*WORK ITEM*. Once the pictures are set aside, copy the records below exactly as they stand.

Records contained in a dataset:
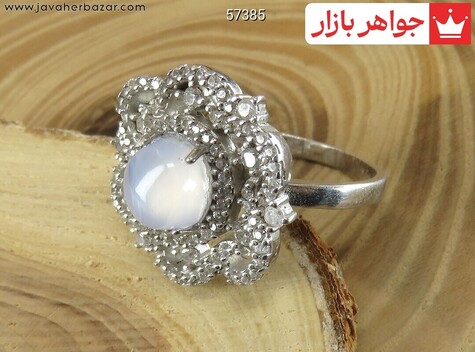 انگشتر نقره عقیق یمنی طرح شیرین زنانه - 57385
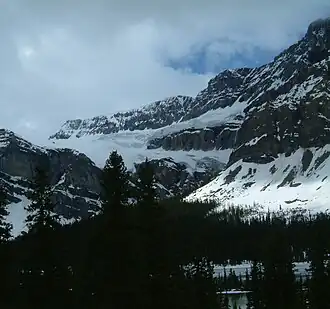 Gletscherblick vom Icefields Parkway aus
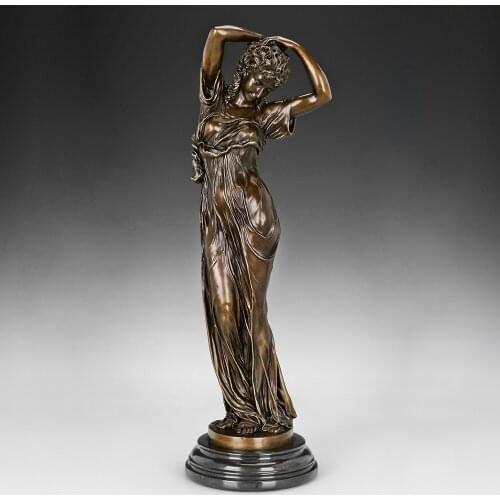 Large Tying Hair up Young Woman Statue Sculpture Bronze Beautiful Female Art Marle Base Home Decor Gifts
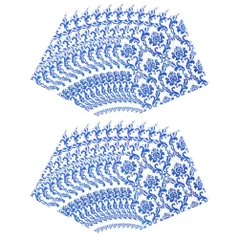 FOMIYES ブルー ホワイト シノワズリ ル ナプキン、80枚 使い捨て 紙 ヴィンテージ ランチョン ナプキンのサムネイル
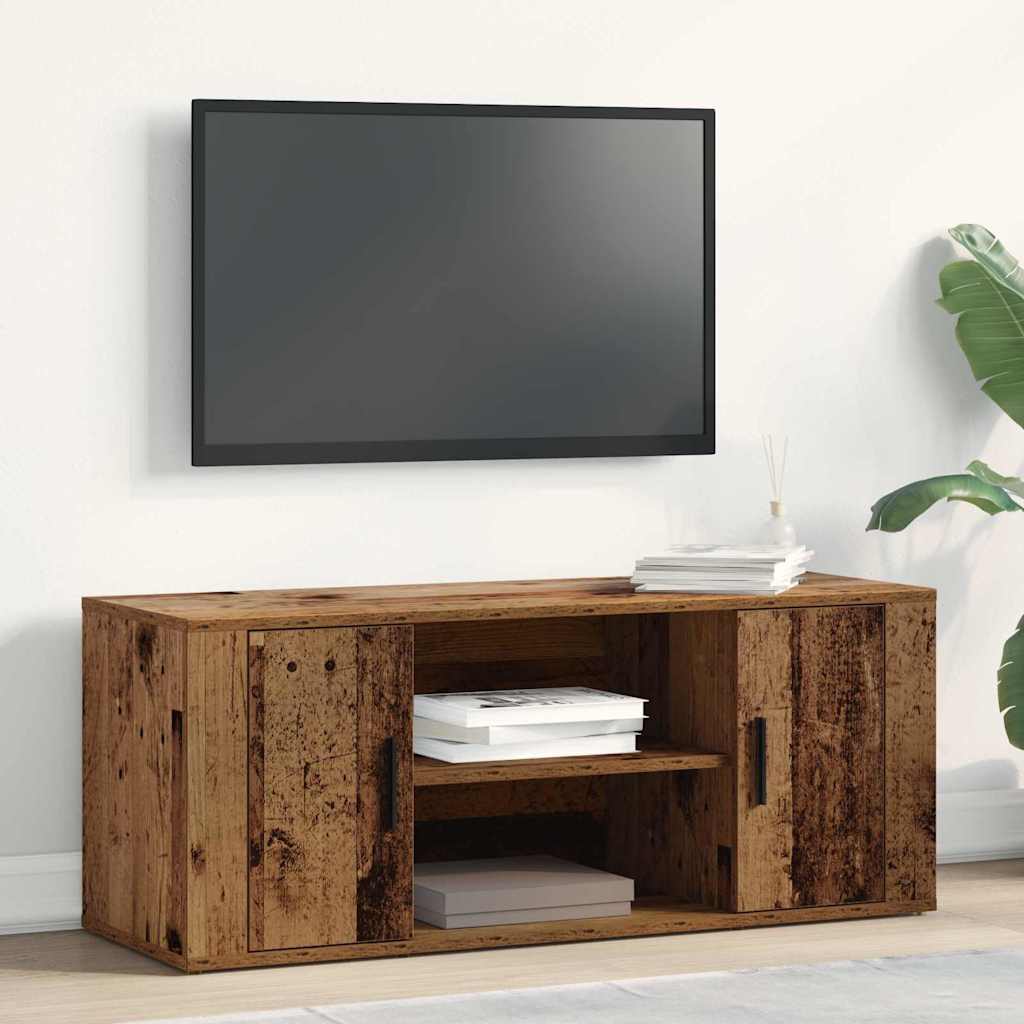 TV-skab 100 x 35 x 40 cm Gammelt træ Konstrueret træ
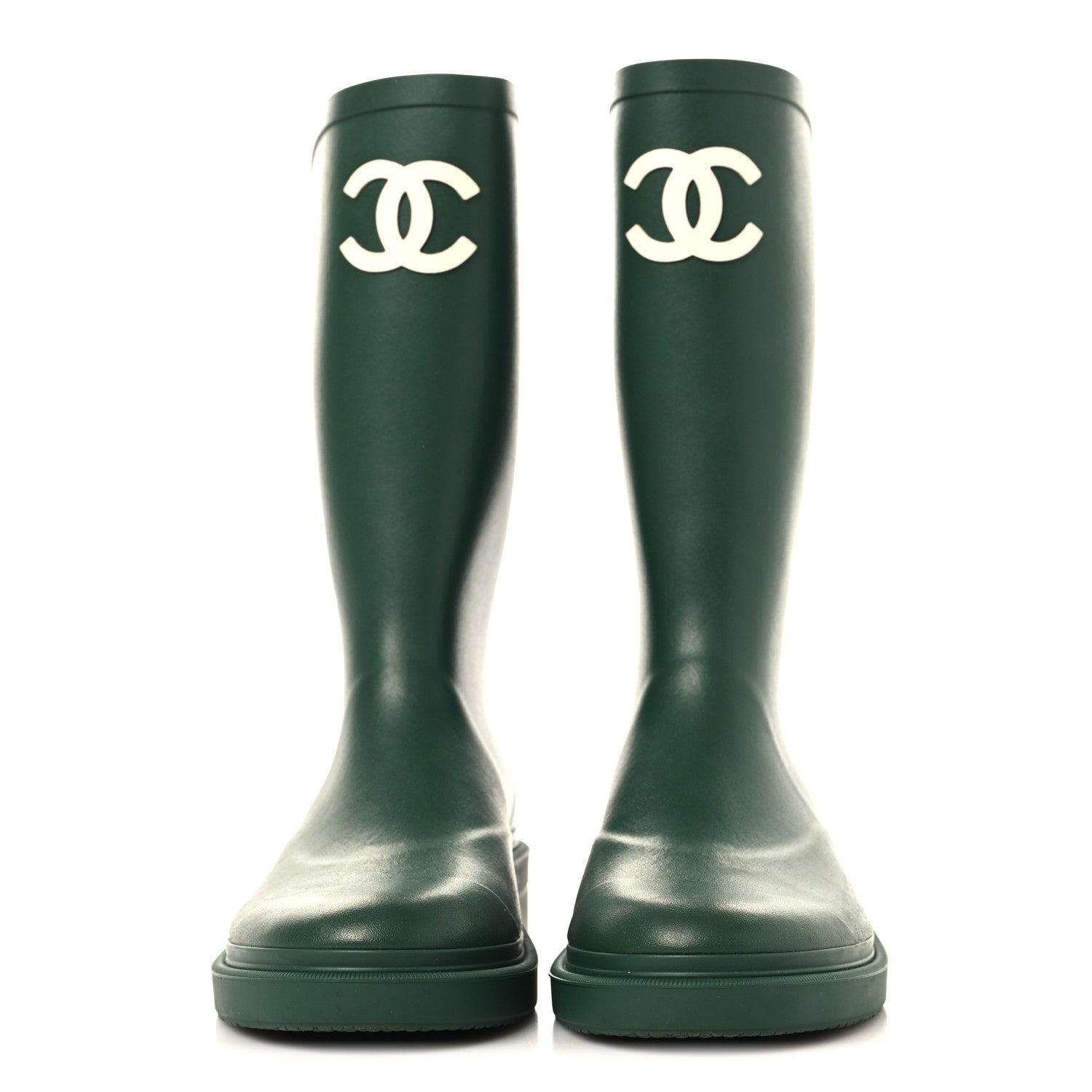 Chanel Caoutchouk CC High Boots 39 Dark Green 2 of 7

*RESPONSE*.
 انگشتر نقره عقیق یمنی طرح شیرین زنانه - 57385
 Gletscherblick vom Icefields Parkway aus
 Large Tying Hair up Young Woman Statue Sculpture Bronze Beautiful Female Art Marle Base Home Decor Gifts
 FOMIYES ブルー ホワイト シノワズリ ル ナプキン、80枚 使い捨て 紙 ヴィンテージ ランチョン ナプキンのサムネイル
 TV-skab 100 x 35 x 40 cm Gammelt træ Konstrueret træ
 Chanel Caoutchouk CC High Boots 39 Dark Green 2 of 7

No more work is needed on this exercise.